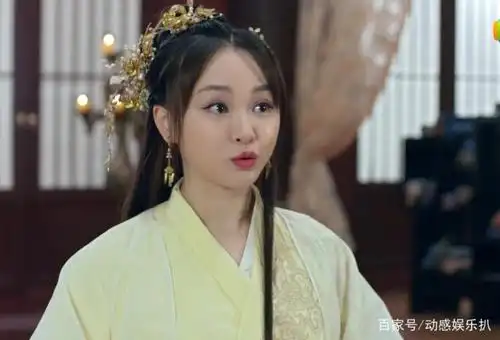 独孤皇后女配角颜值惹争议而她的存在是亮点傻到让人疑惑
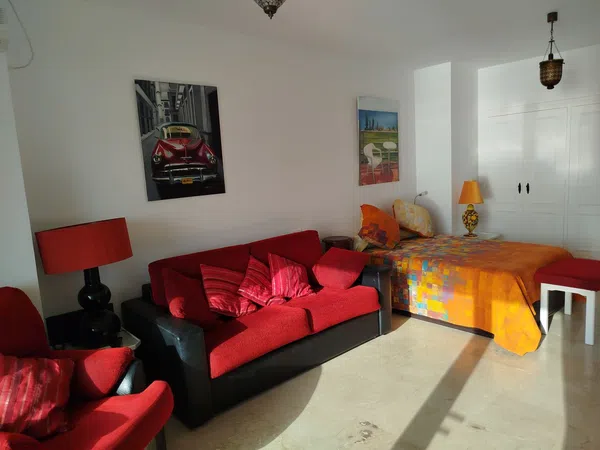 Estudio en Calle Castillo del Inglés, 41 - Foto 6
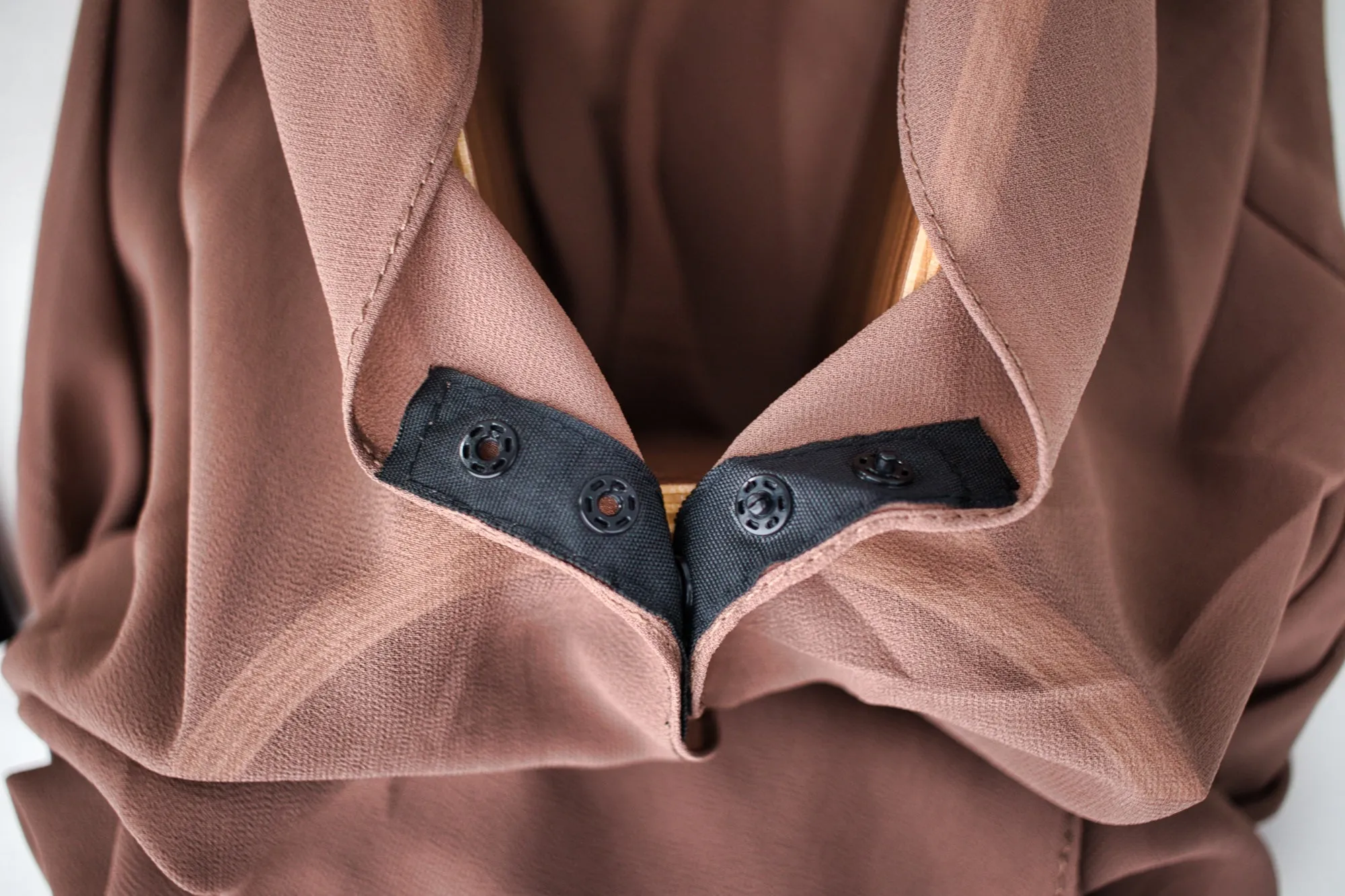 Easy-Wear Tortilla Brown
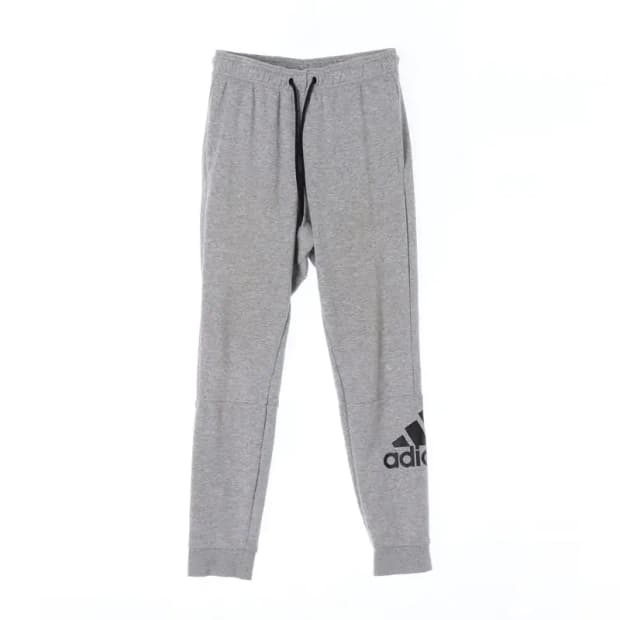 ADIDAS 아디다스 하단로고 트레이닝 조거 팬츠  L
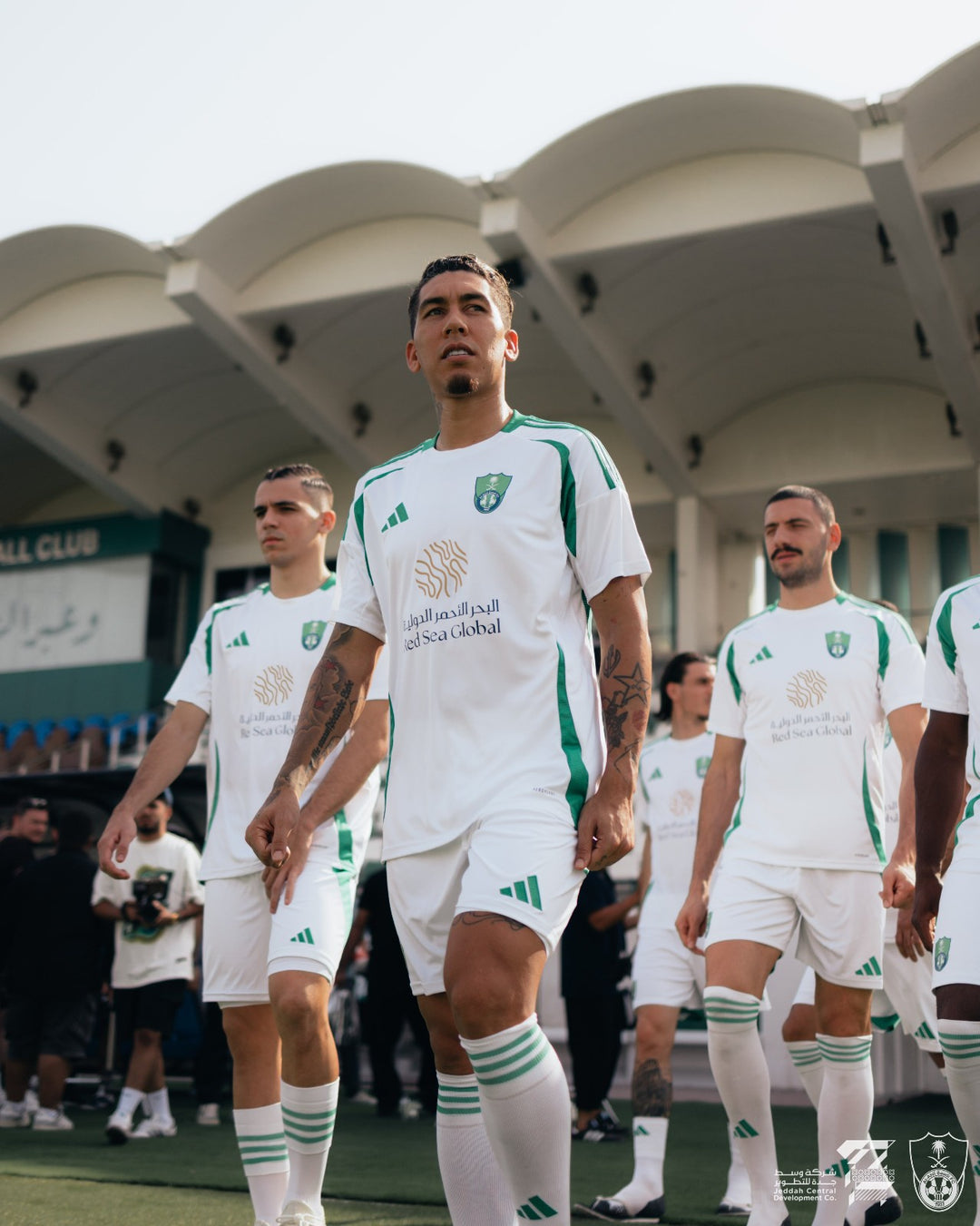 Al-Ahli Saudi Away Jersey 2024/25
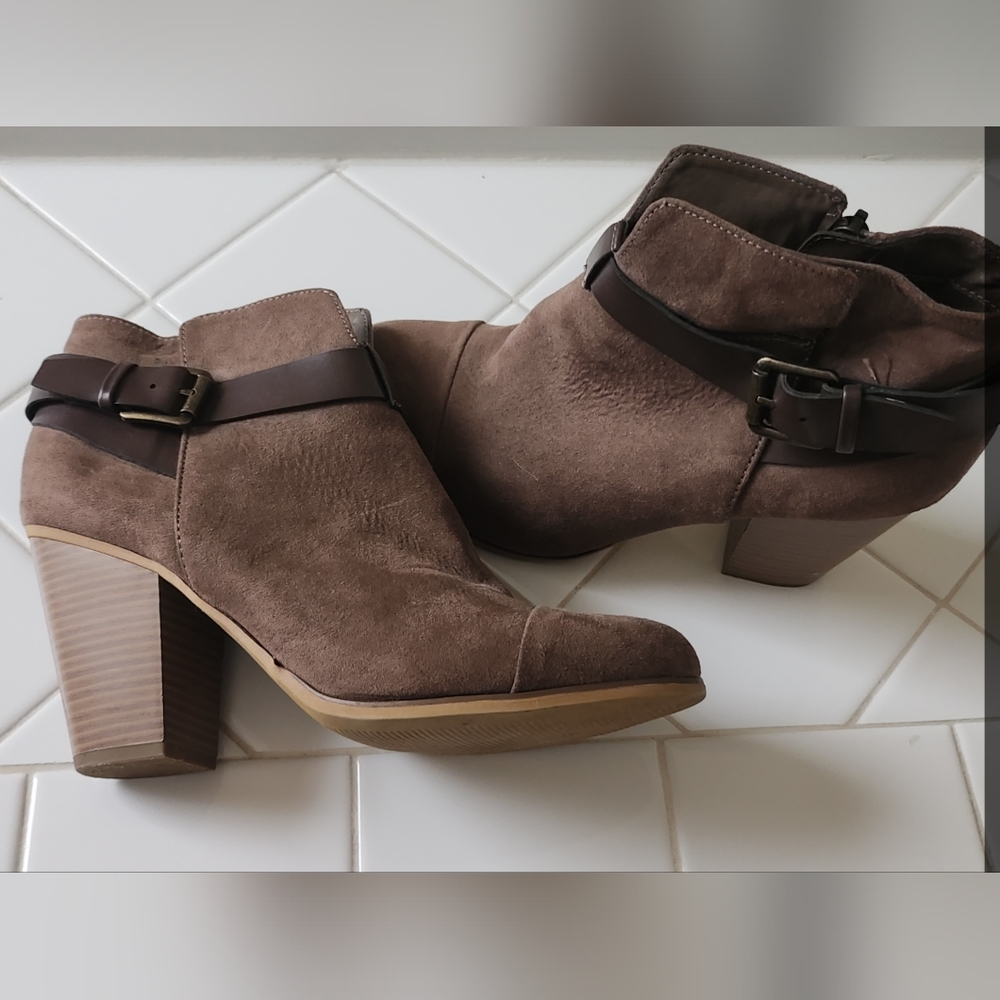 LimeLight Booties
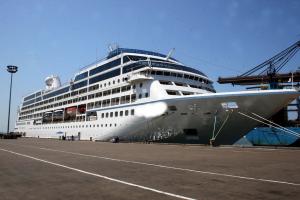 Crucero en Cartagena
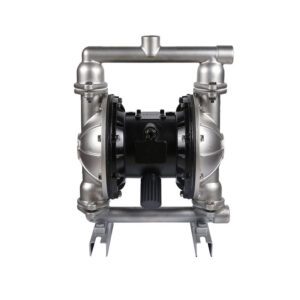 SS Air Diaphragm Pump Low Pressure Food/Pharma/Sewage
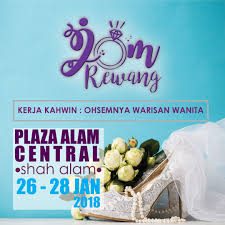Pakej kahwin murah shah alam. Pameran Pengantin Jom Rewang 2018 Khas Buat Bakal Raja Sehari
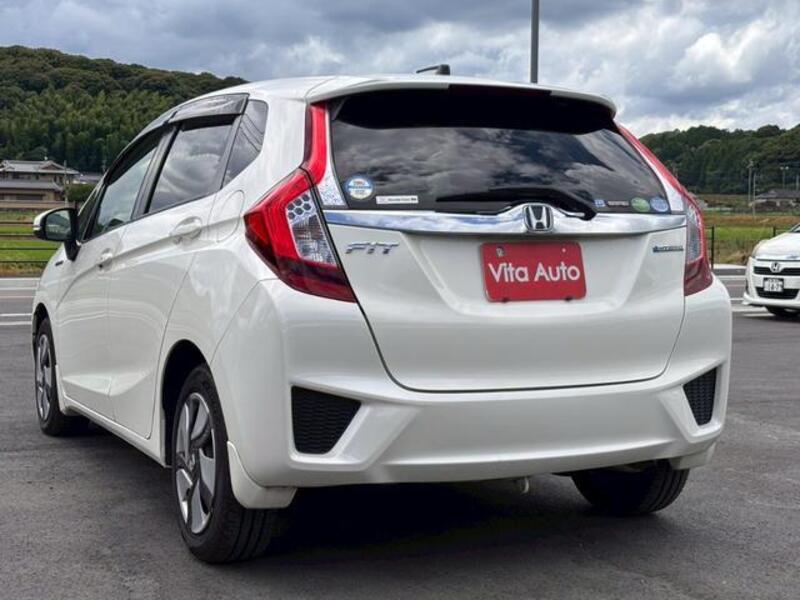 FIT HYBRID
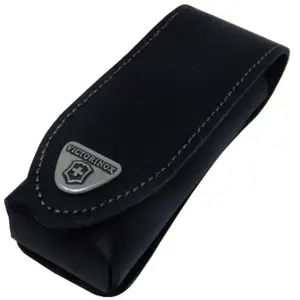 Etui cuir Victorinox 111mm jusqu'à 10 P 4.0523.3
+-------+
#### YOUR GOAL
Give every record again without changing a word. Exclude the pictures.

#### WRITTEN SOLUTION
 独孤皇后女配角颜值惹争议而她的存在是亮点傻到让人疑惑
 Estudio en Calle Castillo del Inglés, 41 - Foto 6
 Easy-Wear Tortilla Brown
 ADIDAS 아디다스 하단로고 트레이닝 조거 팬츠  L
 Al-Ahli Saudi Away Jersey 2024/25
 LimeLight Booties
 Crucero en Cartagena
 SS Air Diaphragm Pump Low Pressure Food/Pharma/Sewage
Pakej kahwin murah shah alam. Pameran Pengantin Jom Rewang 2018 Khas Buat Bakal Raja Sehari
 FIT HYBRID
 Etui cuir Victorinox 111mm jusqu'à 10 P 4.0523.3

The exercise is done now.